BRIEF:
Find "LG 635 Litre" below and begin at its line; stop after the line with "ST-CR-0047 CRISTAL RING - comprar online". Output those lines exactly, without pictures.

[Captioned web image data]

------------------------------------------------------------

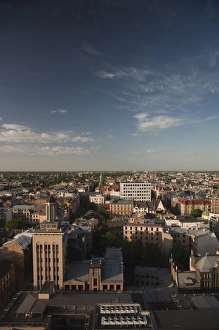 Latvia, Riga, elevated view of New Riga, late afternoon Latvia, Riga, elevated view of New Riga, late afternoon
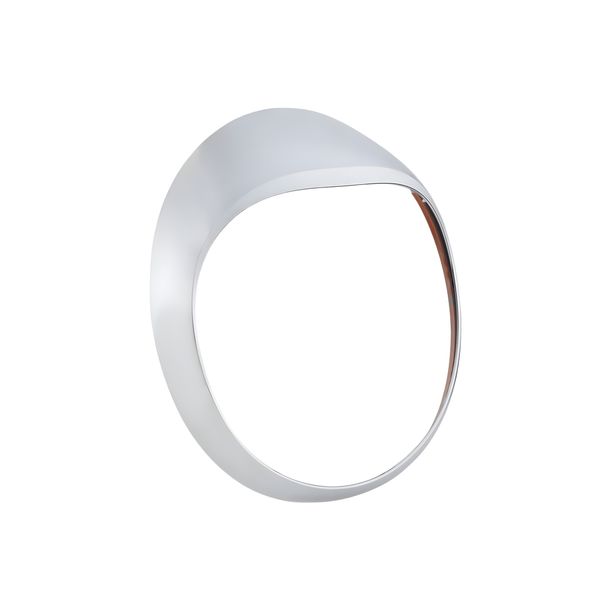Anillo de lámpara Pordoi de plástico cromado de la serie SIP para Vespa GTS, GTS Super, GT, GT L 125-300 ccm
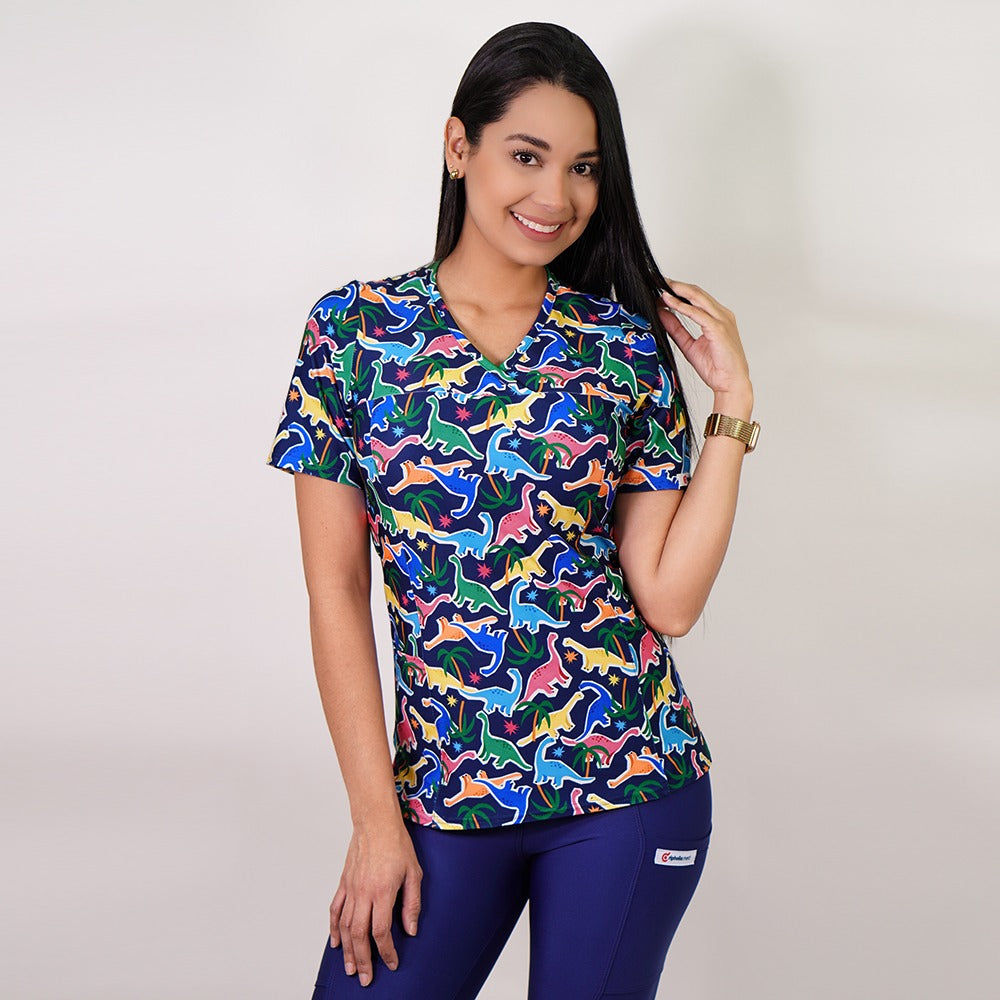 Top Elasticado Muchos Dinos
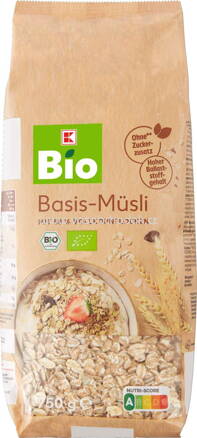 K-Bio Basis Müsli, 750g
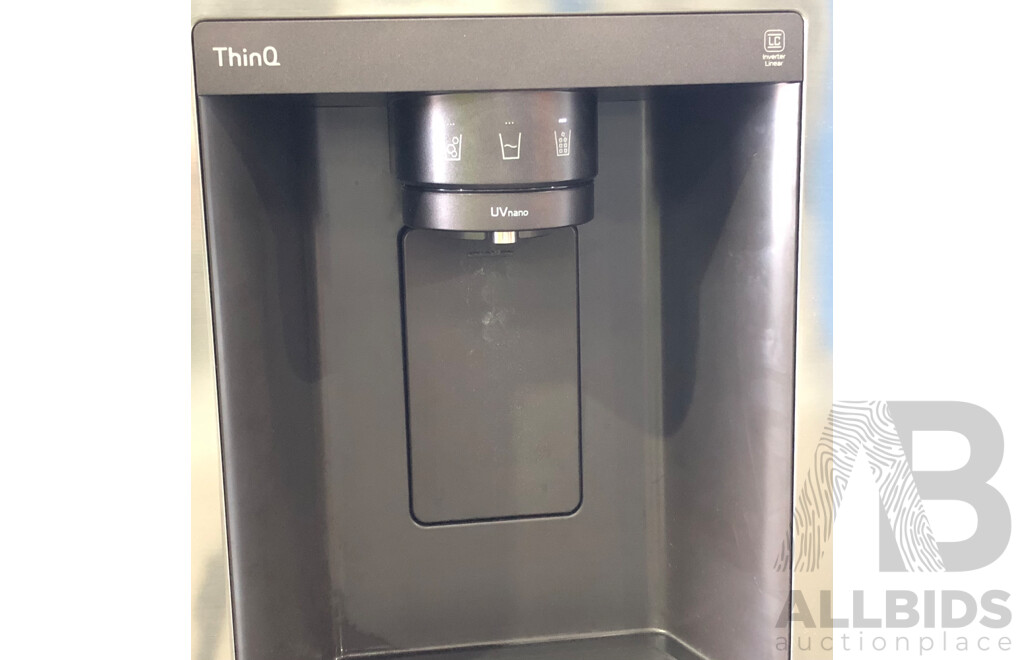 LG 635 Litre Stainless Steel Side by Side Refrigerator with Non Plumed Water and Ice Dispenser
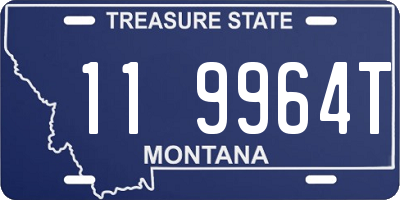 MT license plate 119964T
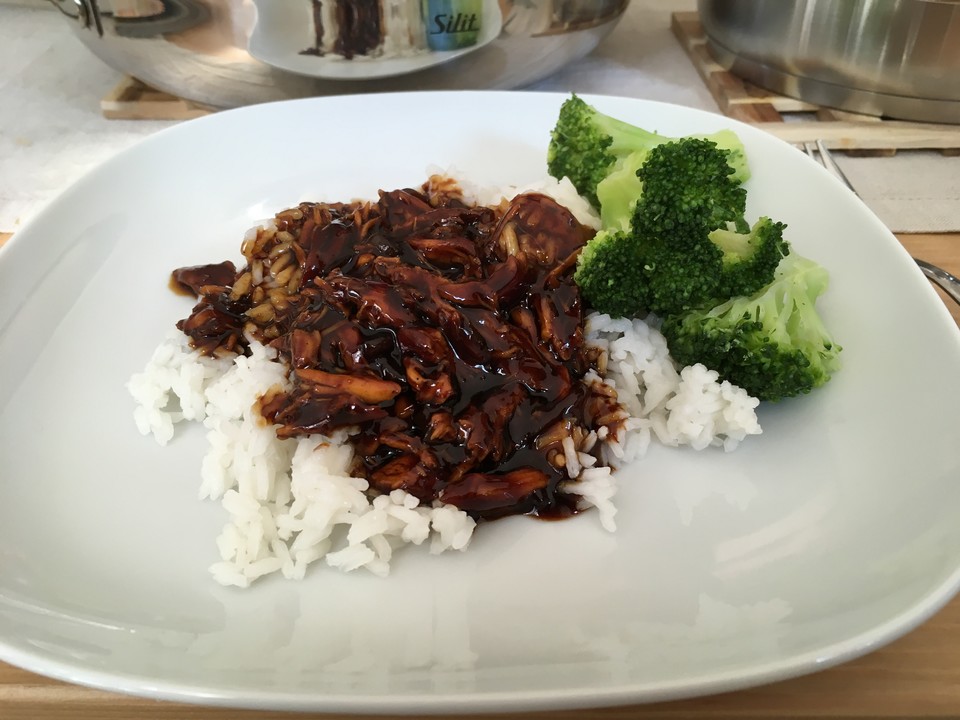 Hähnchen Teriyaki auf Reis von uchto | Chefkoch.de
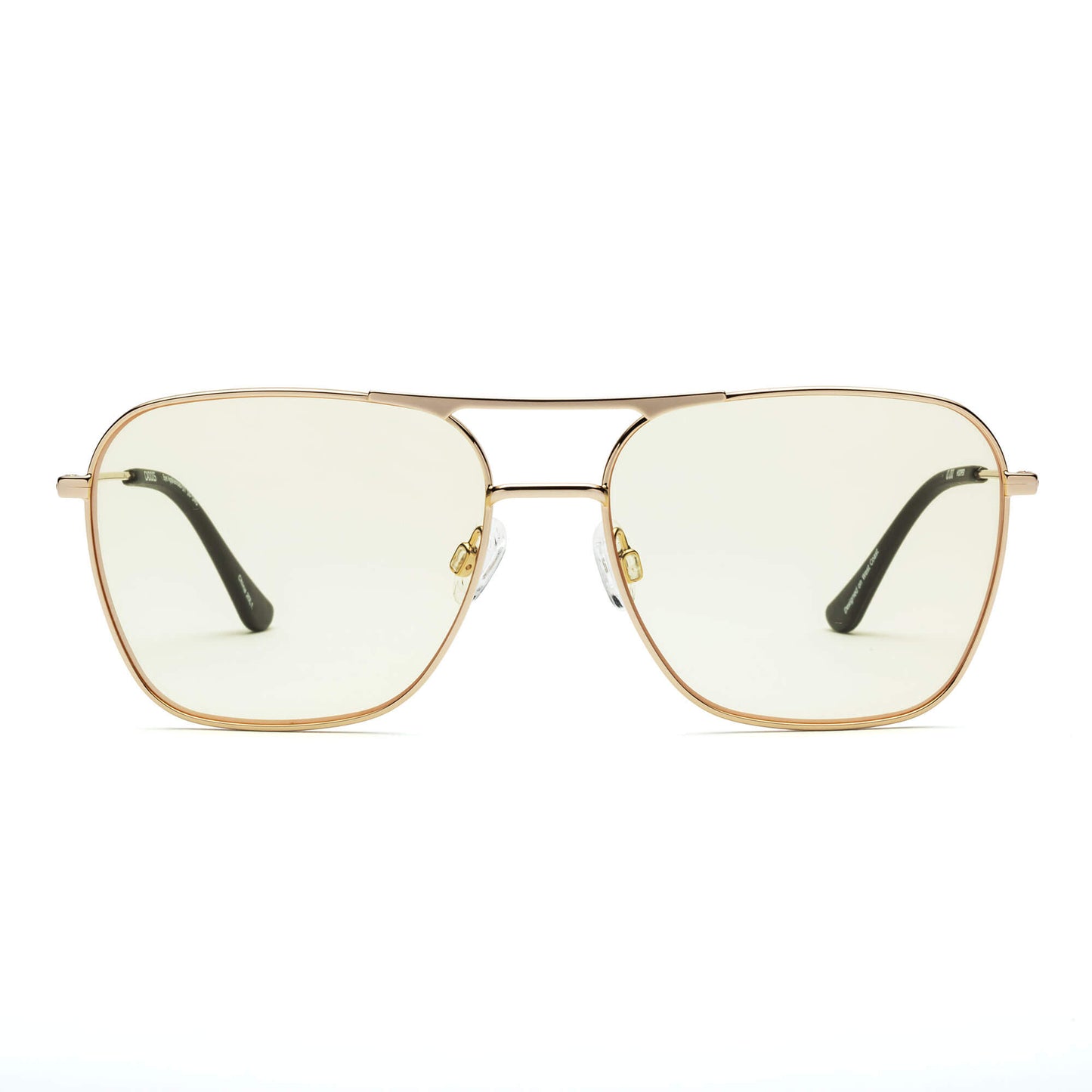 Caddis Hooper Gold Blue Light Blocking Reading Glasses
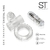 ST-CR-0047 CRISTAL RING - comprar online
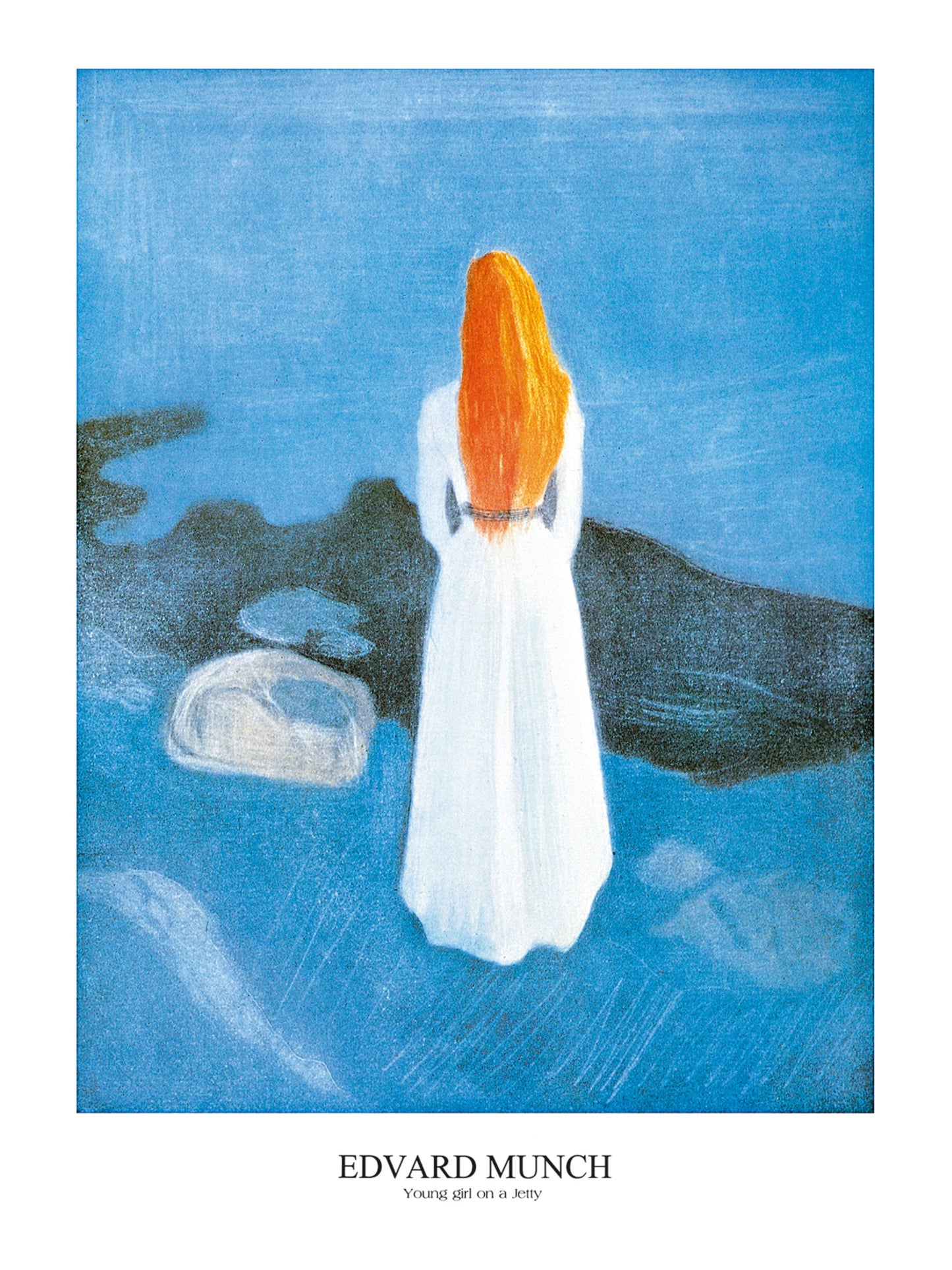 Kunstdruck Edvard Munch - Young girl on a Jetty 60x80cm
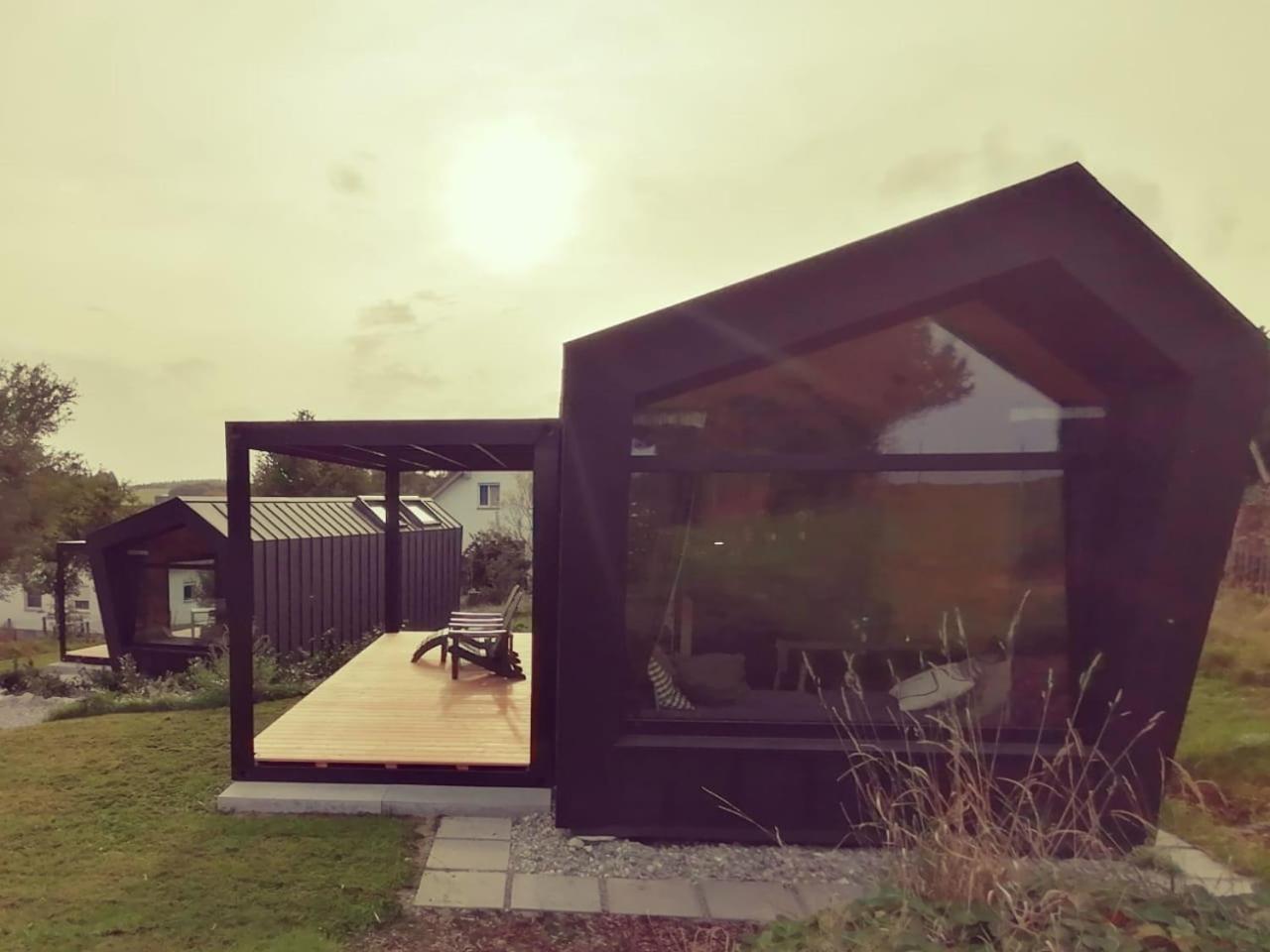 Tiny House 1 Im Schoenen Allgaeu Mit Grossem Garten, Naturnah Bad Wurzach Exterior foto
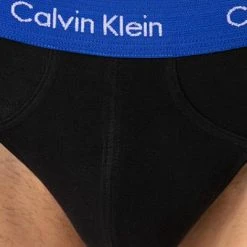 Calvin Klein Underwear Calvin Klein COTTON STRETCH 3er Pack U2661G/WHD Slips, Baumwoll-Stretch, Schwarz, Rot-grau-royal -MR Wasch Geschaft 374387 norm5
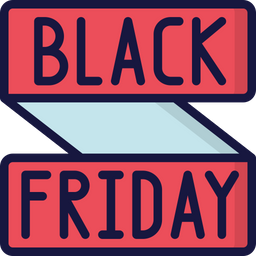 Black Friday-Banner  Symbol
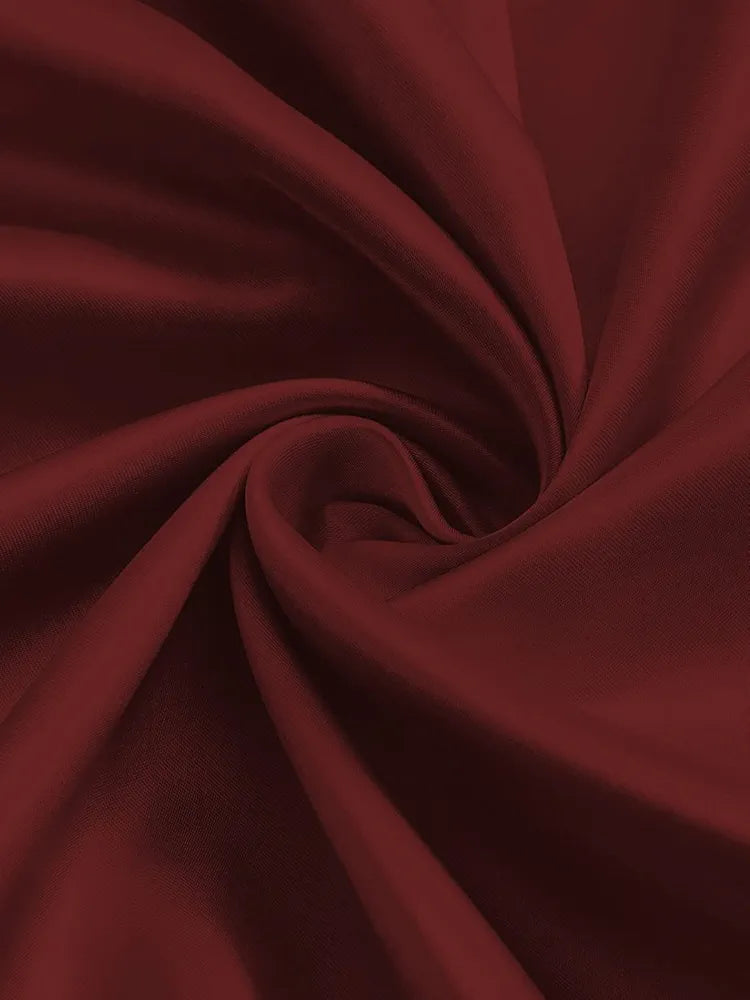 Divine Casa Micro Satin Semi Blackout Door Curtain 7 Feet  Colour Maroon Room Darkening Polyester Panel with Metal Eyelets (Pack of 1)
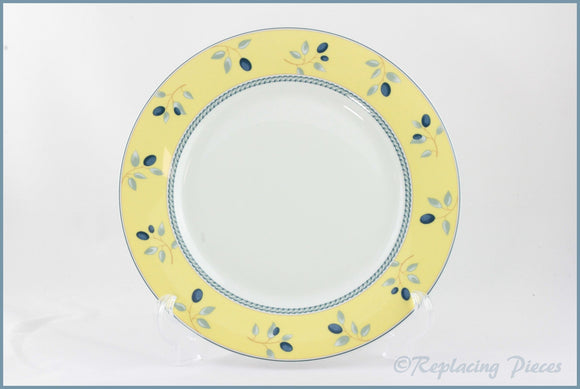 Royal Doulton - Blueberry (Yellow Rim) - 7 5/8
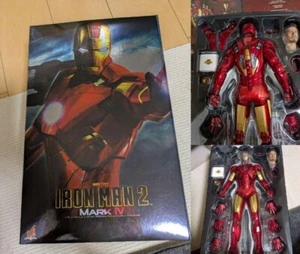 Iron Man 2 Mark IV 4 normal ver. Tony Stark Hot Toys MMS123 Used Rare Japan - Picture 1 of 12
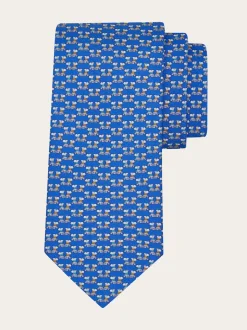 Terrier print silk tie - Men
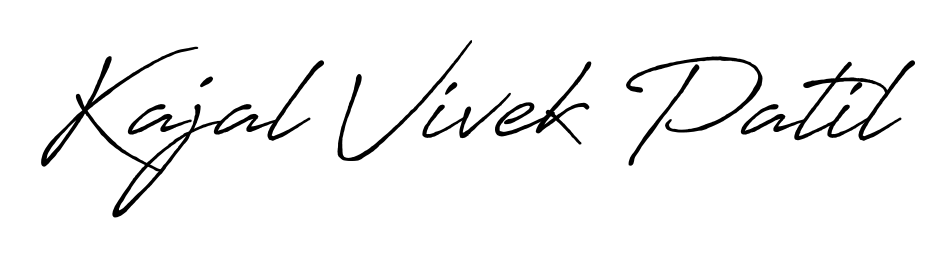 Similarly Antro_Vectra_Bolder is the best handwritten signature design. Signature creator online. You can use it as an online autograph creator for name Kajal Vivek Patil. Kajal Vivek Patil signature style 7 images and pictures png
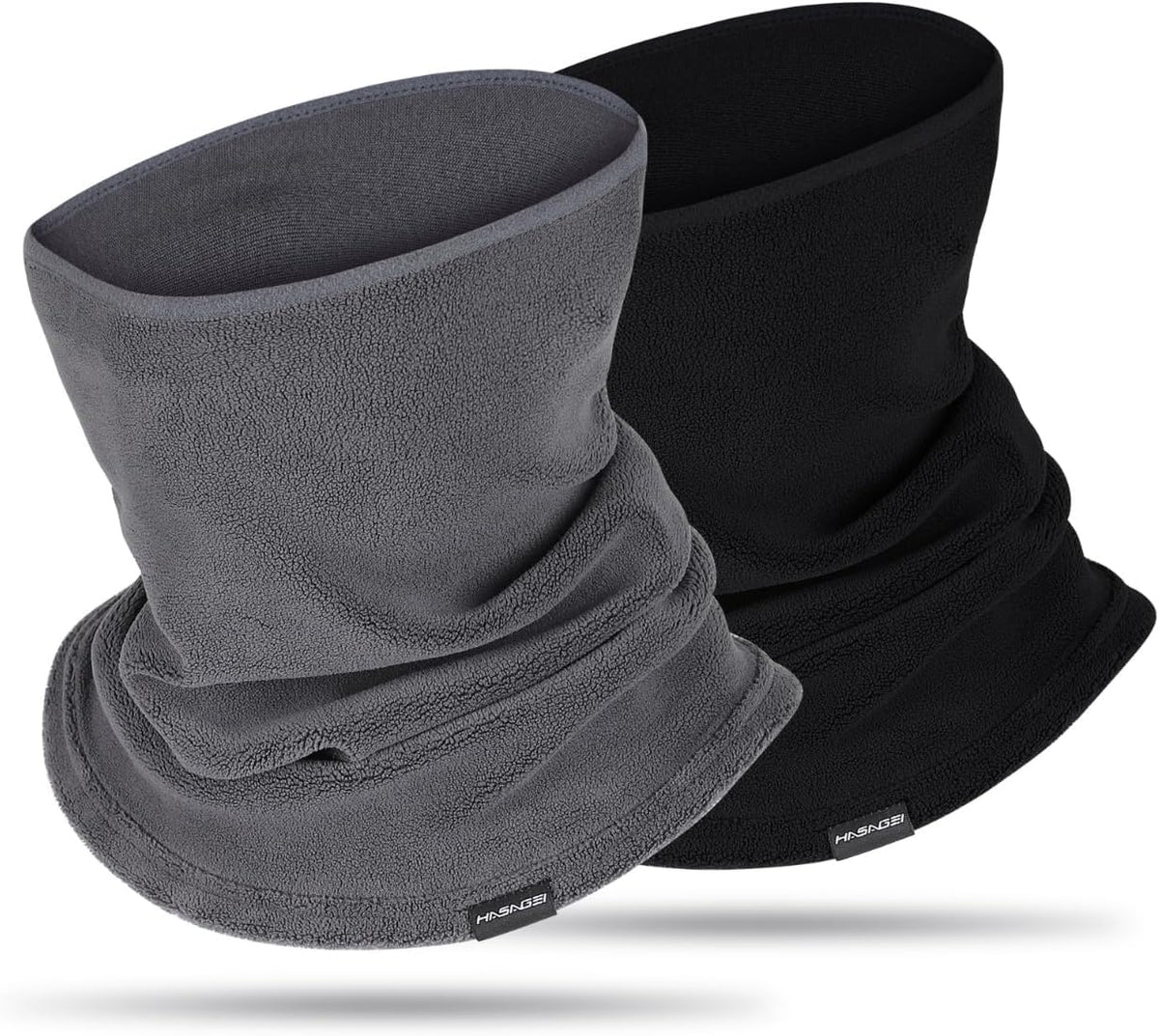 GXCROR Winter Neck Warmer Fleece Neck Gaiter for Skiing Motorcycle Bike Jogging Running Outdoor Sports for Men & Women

------------------------------------------------------------

RESPONSE TO THE TASK:
 LG 635 Litre Stainless Steel Side by Side Refrigerator with Non Plumed Water and Ice Dispenser
 MT license plate 119964T
 Hähnchen Teriyaki auf Reis von uchto | Chefkoch.de
 Caddis Hooper Gold Blue Light Blocking Reading Glasses
 ST-CR-0047 CRISTAL RING - comprar online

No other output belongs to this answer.